> _Brief_
Transcribe the data in full and exactly, omitting any pictures.

> _Exercise data_
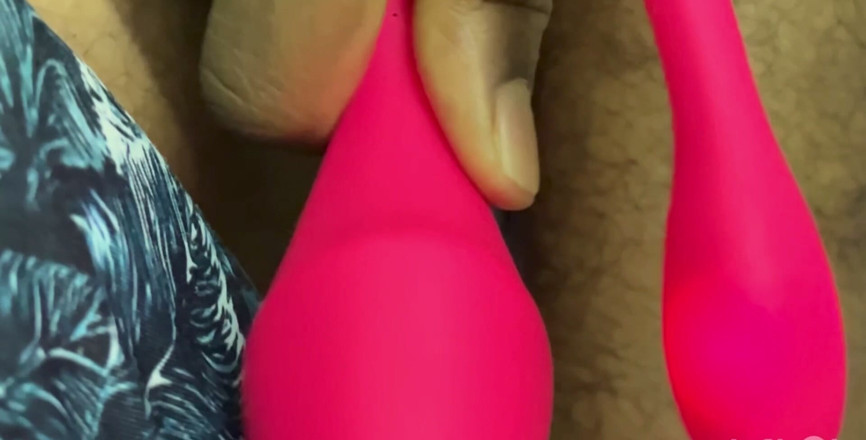 Jacky 007: Tamil Clear Audio Like Thambi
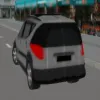 Pickup car - free online racing game
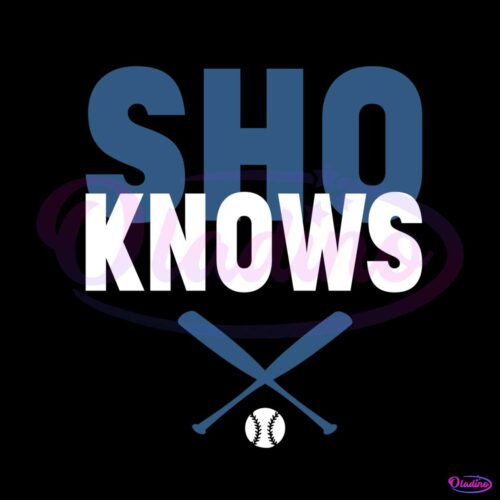 shohei-ohtani-sho-knows-mlb-svg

> _Reply to the exercise_
 Jacky 007: Tamil Clear Audio Like Thambi
 Pickup car - free online racing game
 shohei-ohtani-sho-knows-mlb-svg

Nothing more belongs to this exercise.